Easily recognized by its unique buff and blue dome, Pauahi Hall houses Academy English classrooms and faculty offices, and is the home of Ka Punahou (Academy newspaper) and the Oahuan (Academy yearbook).
After a $50,000 donation by Charles Reed Bishop, the foundation for Pauahi Hall was laid in 1894. Built with blue lava rocks from the entrance of Manoa Valley, it was completed in 1896. Mr. Bishop chose to name the Hall for his wife, Princess Bernice Pauahi Paki.

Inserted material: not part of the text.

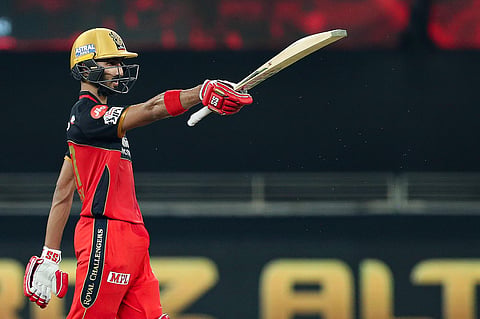 Royal Challengers Bangalore batsman Devdutt Padikkal celebrates his half century during the IPL 2020 cricket match against Mumbai Indians, at Dubai International Cricket Stadium. (Photo | PTI)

In its early years, Pauahi Hall featured classes, a library, and the school's main assembly room. Following the School's displacement from campus during World War II, Pauahi Hall housed classroom space, as well as the administrative offices, until the construction of the new (Sullivan) Administration Building in 1972. The building then underwent a reroofing in 1974, and a major interior renovation in 1990, reopening in 1991 as part of the Sesquicentennial.
Pauahi Hall is listed as a historic site on the National Register.
Charles Reed Bishop
Charles Reed Bishop arrived in Honolulu in 1846, en route to Oregon, and stayed, beginning as a clerk in the government finance department for $1 a day. In 1850, he married Princess Bernice Pauahi Paki and was active as an advisor and member of the privy council to four kings and Queen Liliuokalani.
His gifts to Punahou both in service as a Trustee for 25 years (1867 – 1892) and in monetary support, made him one of Punahou's greatest benefactors.
From his earliest gift of $5,000 for Punahou's 40th anniversary fund and his "challenge gift" of $15,000 which funded the Bishop Hall of Science, Mr. Bishop's generosity was timely and significant. His gifts formed the basis of Punahou's endowment and provided for expansion of the physical plant.
His belief in the ideals of Punahou and the future of Hawaii fueled his commitment and generosity.
Bernice Pauahi Paki
Born in 1831, Princess Bernice Pauahi Paki was described as a gifted and well-rounded pupil, and a favorite student of Mrs. Cooke. Paki married Charles Bishop at the age of 18.
The great granddaughter of King Kamehameha I, she refused her opportunity to become queen after Lot Kamehameha V. Her death in 1884 created the Bishop Estate trust and subsequently founded Kamehameha School.